The positions above were used to replace MTU Aero Engines AG, Conoco Phillips and Fosun International Ltd, respectively. We also exited Baxalta Inc., which was acquired by Shire PLC in early June.

Commissions, trailing commissions, management fees and expenses all may be associated with mutual fund investments. Please read the prospectus before investing. The indicated rates of return are the historical annual compounded total returns as of June 30, 2016 including changes in security value and reinvestment of all distributions and do not take into account sales, redemption, distribution or optional charges or income taxes payable by any security holder that would have reduced returns. Mutual funds are not guaranteed, their values change frequently and past performance may not be repeated.

The content of this commentary (including facts, views, opinions, recommendations, descriptions of or references to, products or securities) is not to be used or construed as investment advice, as an offer to sell or the solicitation of an offer to buy, or an endorsement, recommendation or sponsorship of any entity or security cited. Although we endeavour to ensure its accuracy and completeness, we assume no responsibility for any reliance upon it.

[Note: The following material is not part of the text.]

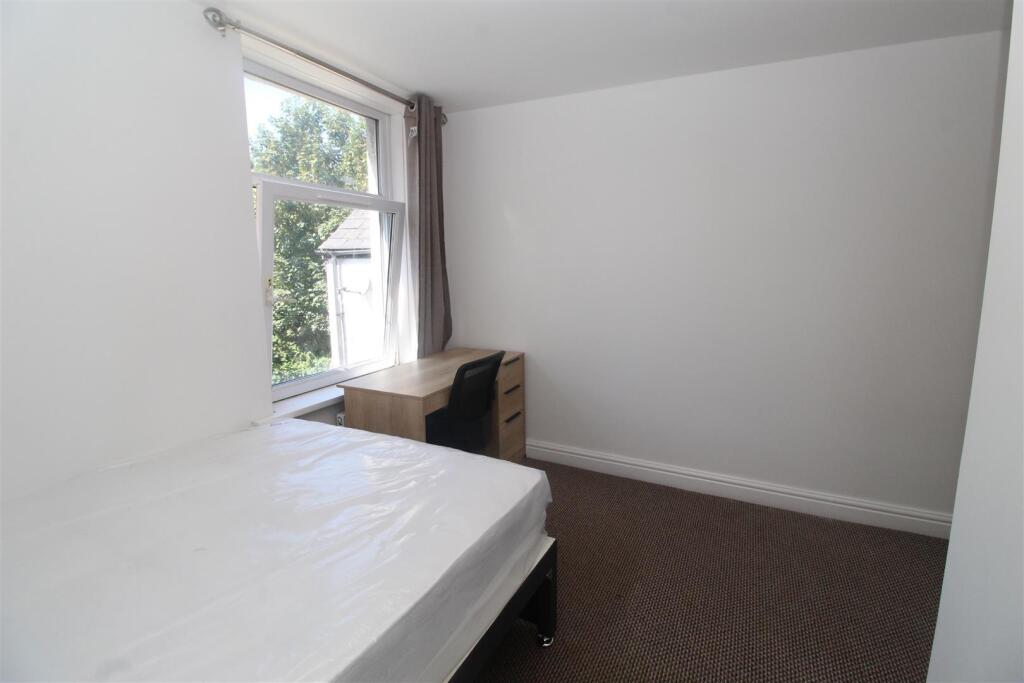 Room Colum Road in Cardiff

This document includes forward-looking information that is based on forecasts of future events as of June 30, 2016. Mackenzie Financial Corporation will not necessarily update the information to reflect changes after that date. Forward-looking statements are not guarantees of future performance and risks and uncertainties often cause actual results to differ materially from forward-looking information or expectations. Some of these risks are changes to or volatility in the economy, politics, securities markets, interest rates, currency exchange rates, business competition, capital markets, technology, laws, or when catastrophic events occur.

Do not place undue reliance on forward-looking information. In addition, any statement about companies is not an endorsement or recommendation to buy or sell any security.

On July 26, 2013 the Mackenzie Global Dividend Fund changed its mandate from investing in equity and fixed income securities of companies that operate primarily in infrastructure related businesses to investing primarily in equity securities of companies anywhere in the world that pay or are expected to pay dividends. The past performance before this date was achieved under the previous objectives.